Binary audio data in one of the following formats:• Raw PCM: 16-bit signed little-endian (s16le) frames  - Supported by both /v1/listen and /v1/listen/pcm  • Encoded formats: MP3, AAC, FLAC, WAV, OGG, WebM, Opus, M4A  - Supported by /v1/listen only  - Auto-detected from format hints or binary headers

{ "type": "Finalize" }

{ "type": "CloseStream" }

{ "type": "KeepAlive" }

Server → Client

{  "type": "Metadata",  "request_id": "...",  "created": "2025-01-01T00:00:00.000000Z",  "duration": 0.0,  "channels": 1,  "model_info": {    "name": "<model_id>",    "version": "",    "arch": "aldea-asr"  }}

{  "type": "SpeechStarted",  "channel": [0],  "timestamp": 0.0}

{  "type": "Results",  "channel_index": [0],  "duration": 1.98,  "start": 0.00,  "is_final": false,  "speech_final": false,  "channel": {    "alternatives": [{      "transcript": "Hello world",      "confidence": 0.95,      "words": [        ["Hello", 0, 320],        ["world", 320, 640]      ]    }]  },  "metadata": {    "request_id": "...",    "model_info": {      "name": "<model>",      "version": null,      "arch": "aldea-asr"    }  }}

{  "type": "UtteranceEnd",  "channel": [0],  "last_word_end": 2.5}

Supported Audio Formats

Encoded Formats (via /v1/listen):

MP3, AAC, FLAC, WAV, OGG, WebM, Opus, M4A
Auto-detected from format hints or binary headers

Raw PCM (via /v1/listen/pcm):

16-bit signed little-endian (s16le)
16kHz sample rate (configurable via sample_rate param)
Mono channel (auto-converted)

Notes

Audio is treated as mono; channels param is not required.
Supported events: Metadata, Results (interim/final), SpeechStarted.
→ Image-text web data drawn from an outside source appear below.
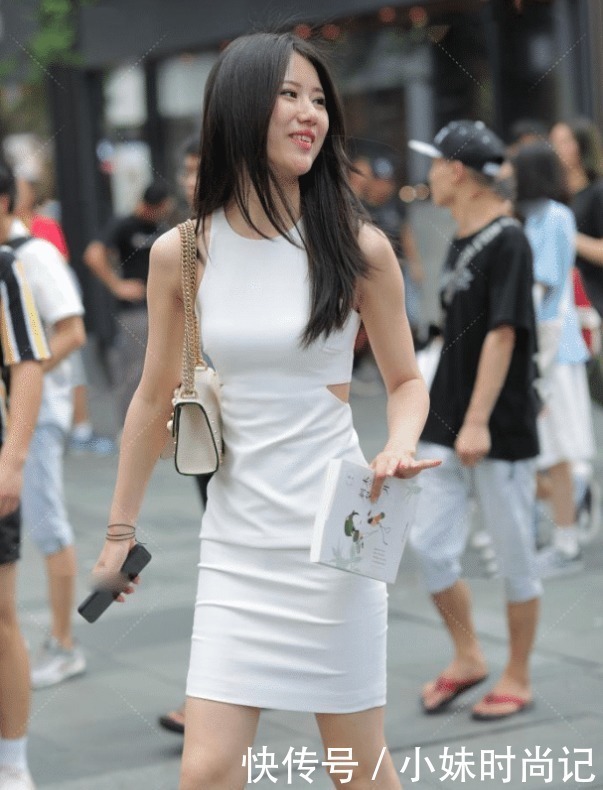 街拍表姐嫌裙子穿的“憋屈,就把中间剪了几道缝,这走路都”漏风“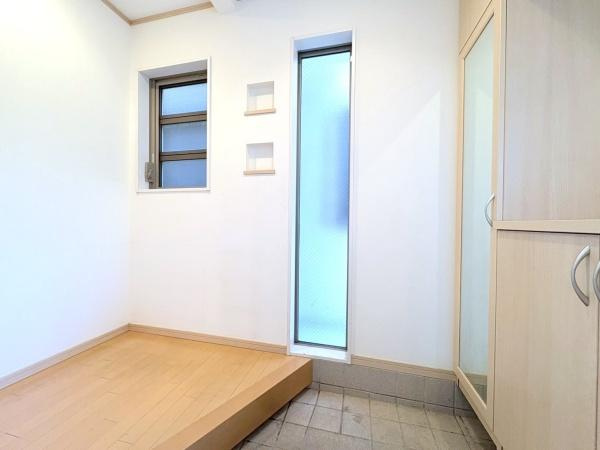 横浜市保土ケ谷区新桜ケ丘１丁目の中古一戸建の玄関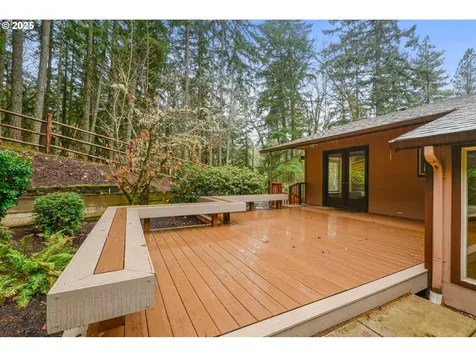 28198 Briggs Hill Road Eugene OR 97405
UtteranceEnd requires word timestamps to be enabled.
Unsupported: diarization, multichannel separation, numerals/profanity/smart_format (accepted but no‑ops).
PII Redaction: Use ?redact=pii to automatically redact personally identifiable information. Combine multiple types: ?redact=pii&redact=pci. Control anonymization style with redact_mode (mask, redact, or replace).
Format Detection: Format is auto-detected from Content-Type header or query parameters (encoding/format/codec). If not specified, the format is detected automatically.
Confidence Scores: Results include calculated confidence values based on word-level confidences when available.
Word Timestamps: Words array format is [word, start_ms, end_ms] when timestamps are enabled. Timestamps are in milliseconds.
Encoded Audio: If your client produces MP3/Opus, you can send encoded chunks directly to /v1/listen, or decode on the client and use /v1/listen/pcm.